Abdelmajid Saâdallah : Pour moi, Derb Sultan symbolise mon adolescence, mes amours, mes premières études, mes folies, mon apprentissage en politique et en art. Bref, toute ma vie et ma mémoire. Derb Sultan est un monde à part, cosmopolite. Pour moi, ce quartier c’est Paris, Londres, Harlem, Venis, etc. Derb Bouchentouf, c’est mon quartier latin, c’est Barbes, c’est Le Caire, c’est le Boulevard Al Hamra du Liban, c’est mon Moulin rouge, c’est le Louvre. C’est aussi l’Amérique étant donné qu’à l’Ermitage, il y avait de la verdure et du sable et qu’on appelait le Chili. C’est aussi la Suisse, à travers le grand jardin de «Mardokh» et les fermes de «Oukacha» près de Derb El Kabir. Derb Sultan, c’est également le Mississippi, étant donné que l’oued «Oukacha» prenait sa source du «Koreâ» et passe par le quartier Derb El Kebir et Idrissia.

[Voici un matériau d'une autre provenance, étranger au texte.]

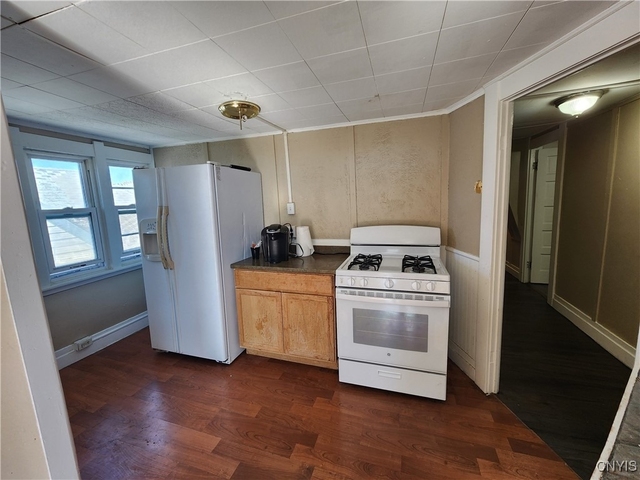 927 State Street - Photo 1
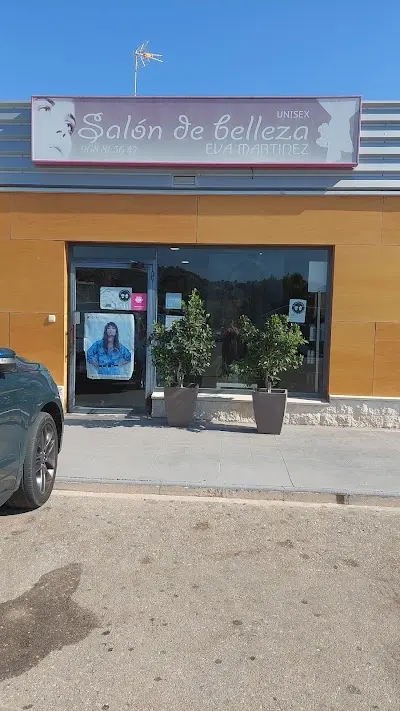 Peluquería Eva Martínez — Peluquería en El Esparragal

Quels sont les souvenirs que vous gardez de ce quartier?
En réalité, je garde des souvenirs de Derb Sultan qui me font pleurer et rire à la fois. Je me rappelle du jour où le directeur de l’école Bouchentouf m’a giflé parce que je me suis attardé d’une minute. Chaque dimanche, je passais ma journéé à écouter «le conteur» à la place désertique de Koreâ. Pendant les vacances, je gambadais les rues à ramasser les noyaux des habricots et les bouteilles, pour les vendre au souk «Zmia». Je me rappelle aussi qu’un jour, j’ai suivi un groupement d’hommes en 1965 alors que j’avais à peine 11 ans. J’imitais les jeunes, je criais, j’insultais et je cassais les vitres des établissements publics. Au Garage Allal, j’ai assisté à une réunion politique et j’ai salué Abderrahim Bouabid. Il m’ a embrassé sur les joues croyant que j’étais le fils de Mohamed El Mansour, un grand résistant. Je me rappelle également que pendant les émeutes de l’année 1981, un camion bleu de la police nous a éclaboussés et a jeté sur nous l’eau de couleur rouge.

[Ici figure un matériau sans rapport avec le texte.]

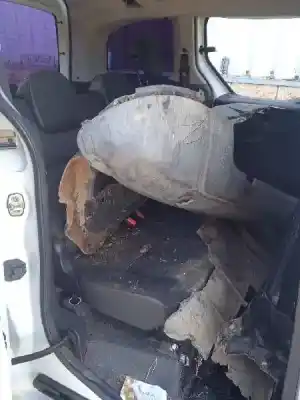 Veicolo di demolizione citroen berlingo first combi 1.6 hdi 75 sx dell'anno 2010 alimentato 9ht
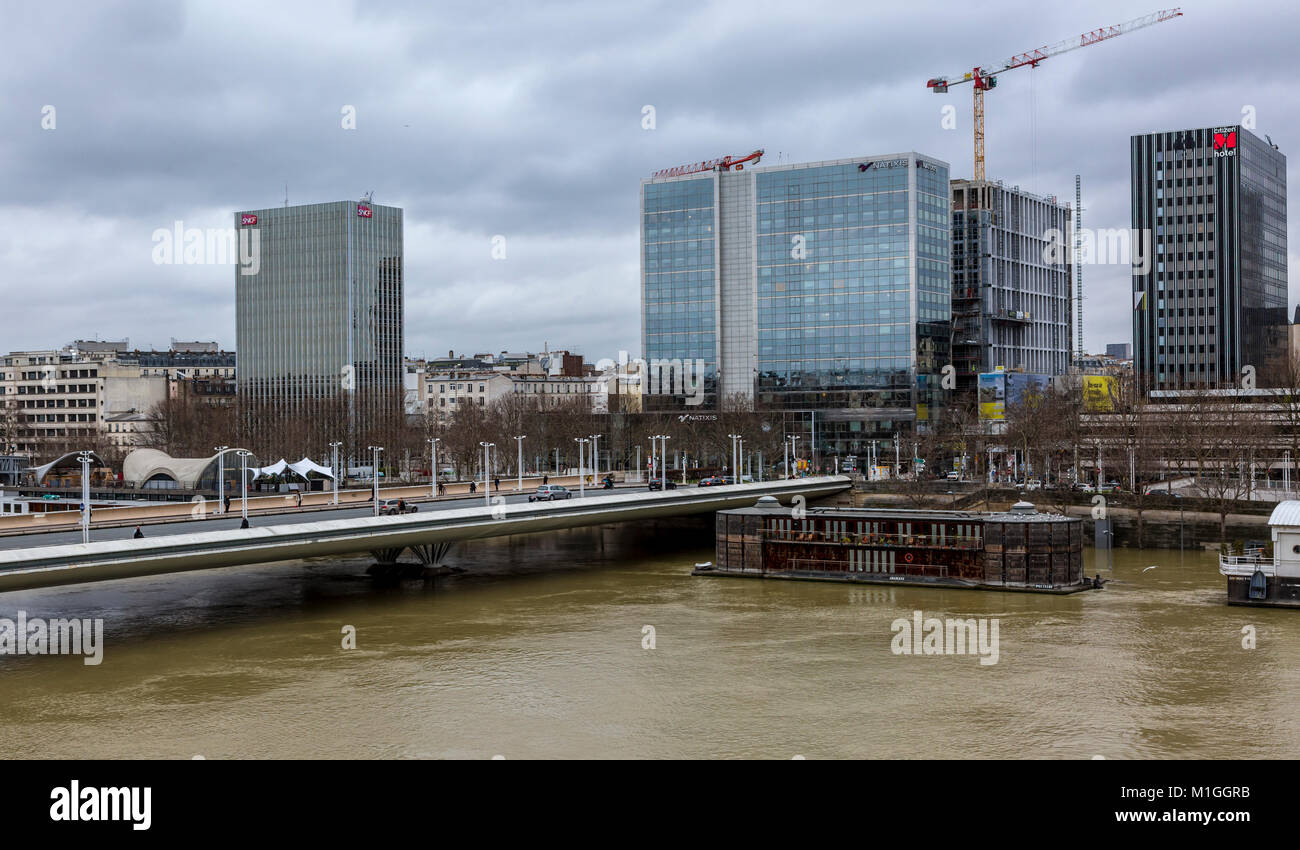 PARIS, FRANCE - Le 29 janvier 2018 : Architecture de Paris avec la Seine que ont augmenté sensiblement, ce qui augmente le risque d'inondation à Paris pendant la Banque D'Images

Est-ce que vous gardez toujours des liens avec Derb Sultan ?
En fait, chaque week-end je me rends à Derb Bouchentouf pour rendre visite à ma sœur. En plus, chaque mercredi, je visite «Koreâ» au souk Eddabbane pour acheter des pièces anciennes, chercher de la brocanterie et dénicher des accessoires pour le théâtre.

Pensez-vous que Derb Sultan garde toujours son identité ?

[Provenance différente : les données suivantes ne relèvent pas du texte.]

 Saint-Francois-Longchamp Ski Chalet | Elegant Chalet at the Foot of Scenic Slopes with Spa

Absolument pas, tout a changé dans ce quartier. Les couleurs des visages des gens sont devenues jaunâtres. Les maisons et les quartiers sont devenus sales, l’espace est devenu morose, le climat est noir et on ne respire plus que la fumée. En plus, les gens aujourd’hui sont agressifs. Il y a beaucoup de jeunes chômeurs. Les maisons des jeunes de Bouchentouf-Sidi Maârouf sont quasiment vides. Les vendeurs ambulants envahissent les quartiers. Les citoyens effacent la mémoire du quartier, même les portes en fer remplacent les anciennes portes en bois. Des quartiers calmes sont devenus des ateliers de peinture, de soudure, de cuir et de menuiserie. La mémoire artistique du quartier est ensevelie. L’école de Bouchentouf ressemble désormais à la prison d’Alcatraz car son architecture mémoriale est défigurée.